Laurie Penny does have a doctrinaire position on the subject and is an enthusiast of the minimum wage being raised to a “living wage” (of, I think, £7.85 per hour). However, earlier this year Laurie found herself in need of an employee to help out with research and general journalistic legwork. Ms Penny’s own advert for the job, published on her website, offered to pay less than the “living wage” she advocates, indeed she offered less than the minimum wage, and stated a preference for a female applicant. Naturally, Laurie made a great fuss about being unable to pay more – “that’s not an option for me at the moment.”

Presumably, legislation regarding pay and gender equality can be dispensed with by those whose cause is sufficiently righteous.
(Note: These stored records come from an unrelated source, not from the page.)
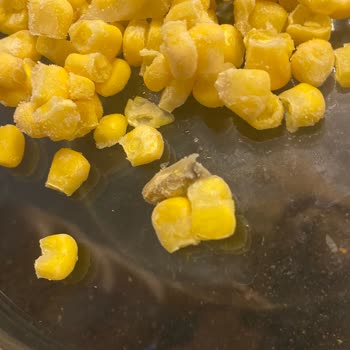 Dondurulmuş Mısırdan Çıkan Arı Şoku!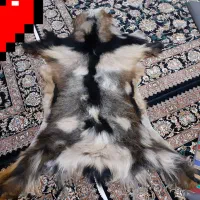 پادری پوست طبیعی|پادری|ملایر, |دیوار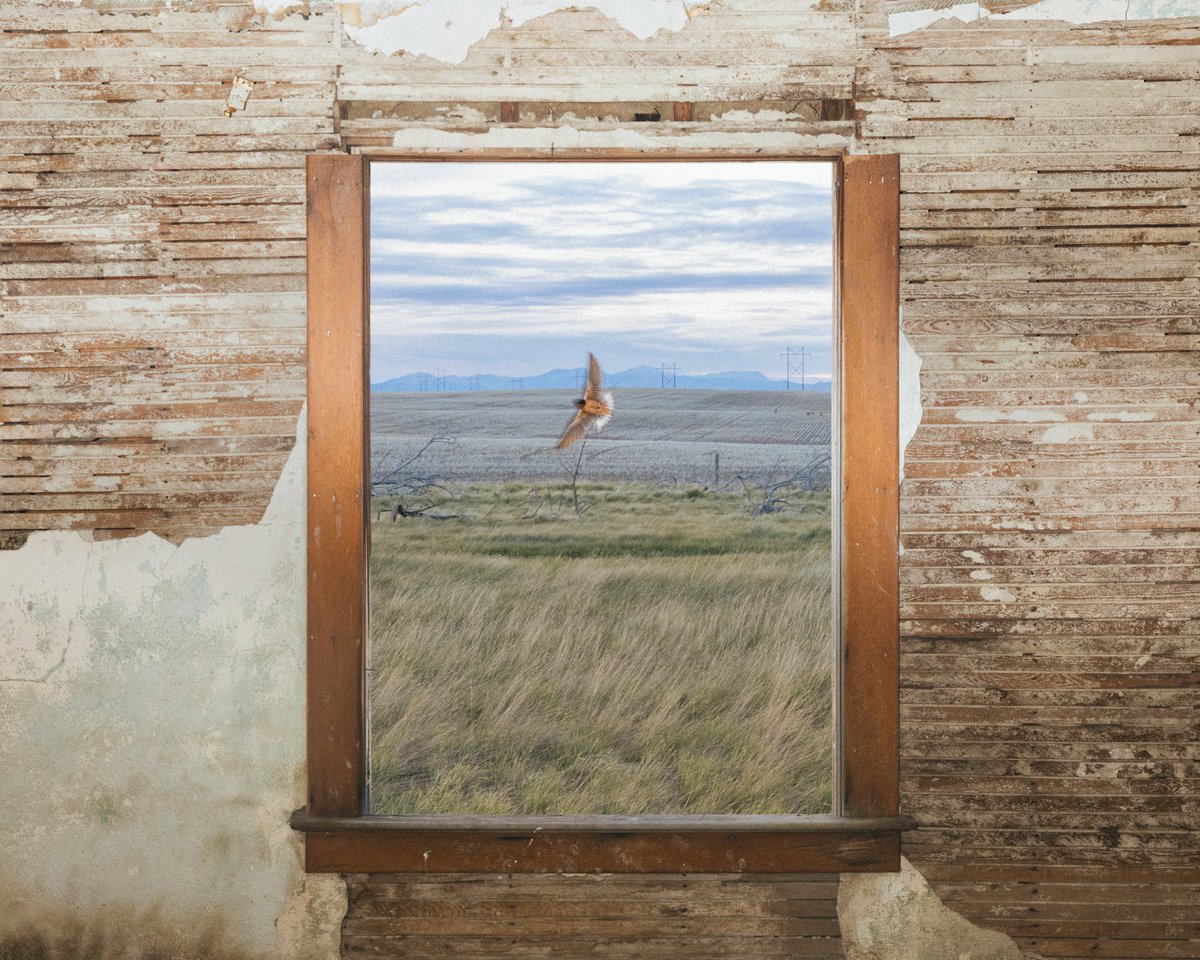 Brendon Burton tweet media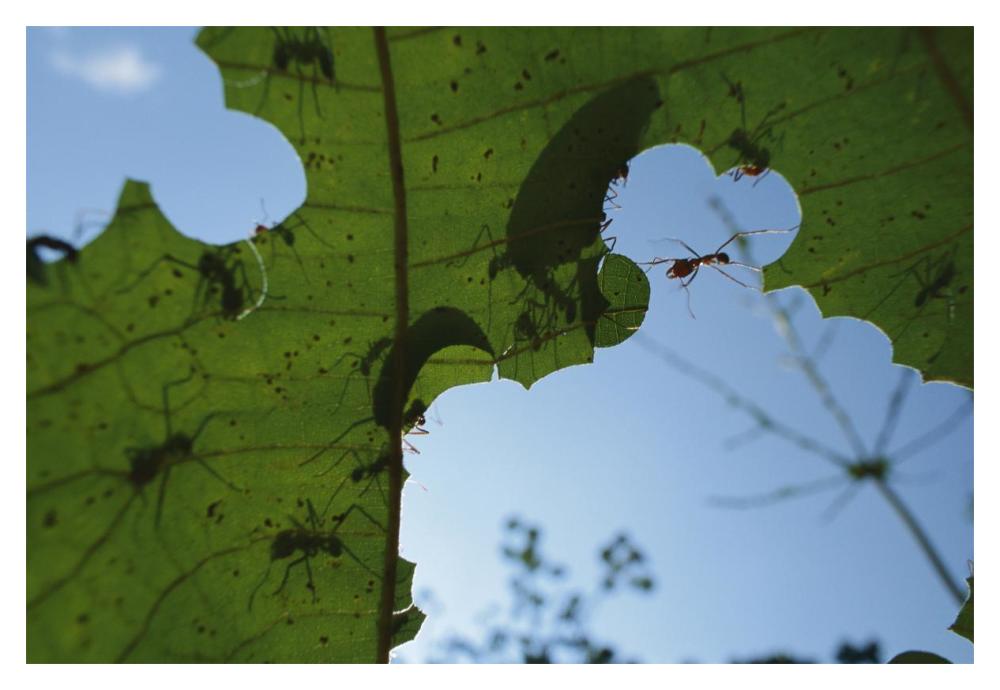 Leafcutter Ant workers cutting little pieces out of leaves, Barro Colorado Island, Panama-Paper Art-20"x14"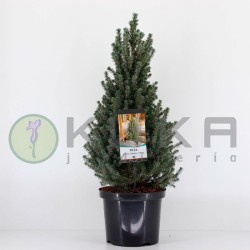 Picea glauca sander´s blue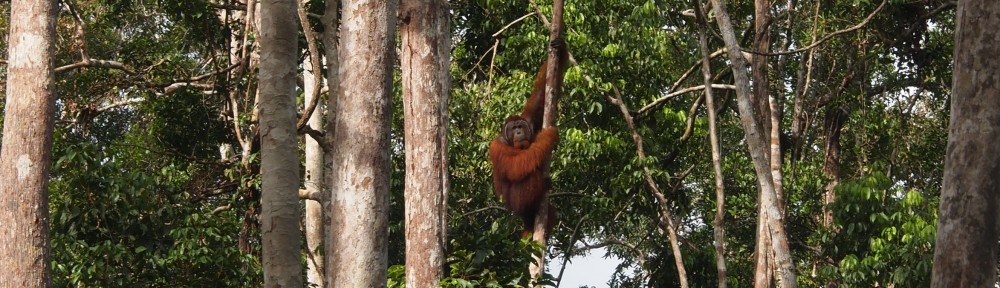 Orangutanmännchen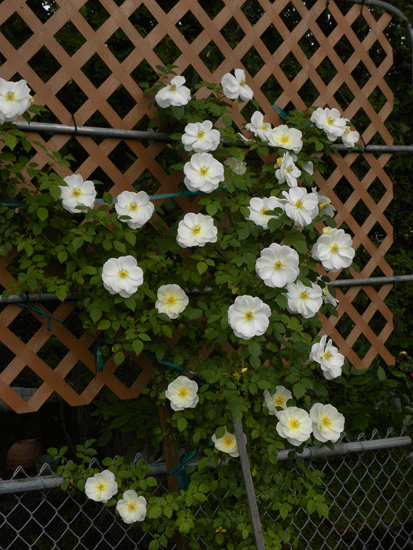 15C-11.gif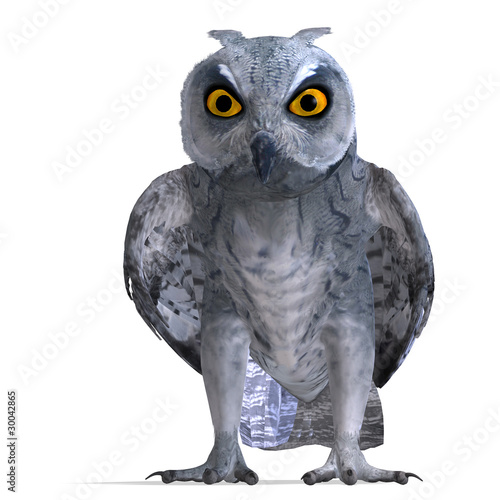 Scops Owl Bird. 3D rendering with clipping path and shadow over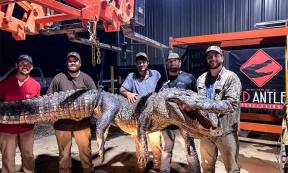 It was inside of this giant Mississippi alligator, which was 13.4 feet (4.1 meters) long and weighed 750 pounds (340 kg), that the two ancient artifacts were found.     Source: Red Antler Processing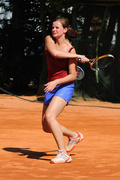 Faworyci wygrali portEl Open 2011 (tenis)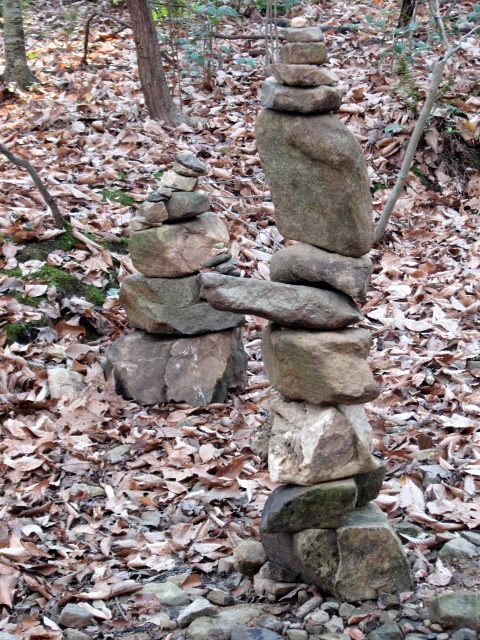 some rocks are arranged in a line in the forest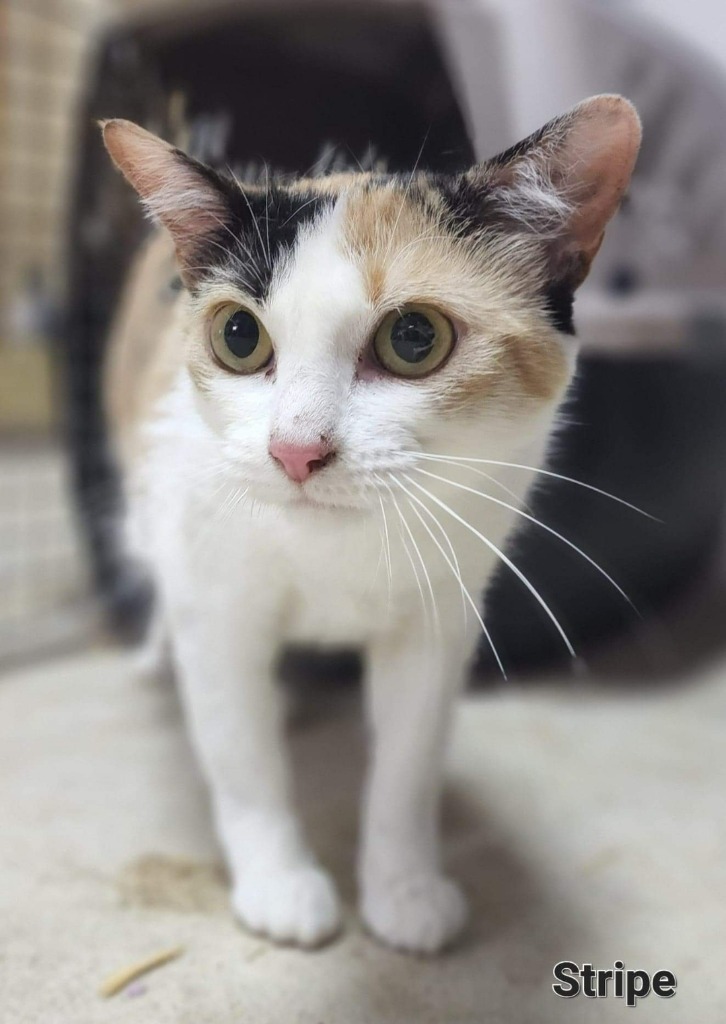 Stripe, an adoptable Calico in El Dorado, AR, 71730 | Photo Image 1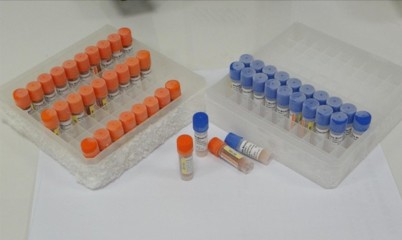 DNA Marker I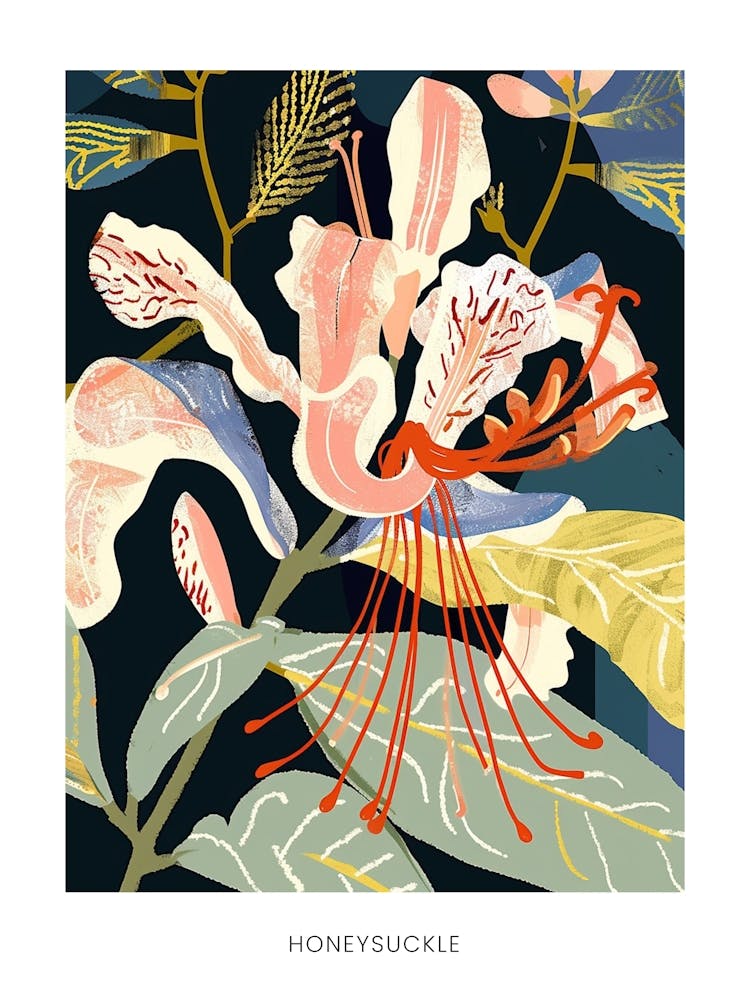 Colourful Flower Illustration Poster Honeysuckle 2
Perhaps this is what she means by “feeling her privilege sitting on her chest.”

Steve

David,

Yes, I was aware of the Penny hypocrisy (entirely consistent with her laft wing credentials - I recently heard Tony Benn on National radio telling the World how he had employed Ed Milliband as a young researcher because he was a friend of his father apparently unaware that he was admitting to millions that he is guilty of Nepotism which, if my jaded memory of Tudor history is correct, was considered one of the great sins of feudal monarchy).

Thanks for making me aware of the Penny Red. The only thing enjoyable about 10 O'clock live the other night was watching her achieve the Triple Crown of appearing self-conscious, ignorant and inarticulate in front of a national audience. On that showing she should be invited on every week to counter the slickly one-sided propaganda of the 4 presenters (I'm so disappointed in Jimmy and little David Mitchell)

David

Steve,

“…the slickly one-sided propaganda of the 4 presenters… I’m so disappointed in Jimmy and little David Mitchell.”

Heh. I said much the same thing to The Other Half (pbuh) last night. Both Carr and Mitchell can be very funny – say, as guests on QI - but they aren’t convincing pundits and the political “debates” are cringeworthy. It isn’t even slick; it’s just… nervously smug. They’re being asked to do things at which they’re really quite bad. The whole programme is a car crash, a conceptual nightmare. The glib political lockstep is the least of its problems.

“The only thing enjoyable... was watching her achieve the Triple Crown of appearing self-conscious, ignorant and inarticulate in front of a national audience.”

Yes, watching Laurie literally blathering on live television isn’t without its pleasures. But you have to marvel at the arrogance of it too. Here she is, invited onto national television to debate a major social issue and yet she appears to have no grasp whatsoever of the subject matter. If someone asked me to go on TV to air strong opinions on, say, football or Etruscan artefacts, I’d politely decline, since these are subjects about which I know bugger all. But Laurie feels entitled to hold forth, at length, on subjects whose most basic factual details elude her.

Steve

David,

To be fair, to Little Laurie, the same could be said of practically everybody that appeared on television last week, including almost all senior members of this grotesque government. (Some of the nastiest people I have ever met have come from the same over-privileged mould)

Col. Milquetoast

Is the Florida pastor who burnt the Qur'an morally responsible for the deaths of UN staff in protests in Afghanistan?
Yes, it is a provocative blasphemy against others' beliefs
No, it should be considered a legitimate free speech act

Somehow, they forgot to include an option to blame the media for giving an audience to the lonely kook.

46% Yes, 54% No

I know it is the Guardian but I find those percentages terribly depressing.

David

Col. Milquetoast,

“I know it is the Guardian but I find those percentages terribly depressing.”

The displacement of responsibility is a Guardian staple. Sometimes it’s grotesque, sometimes it’s inadvertently funny. But none of it is good for a person’s probity or sense of realism.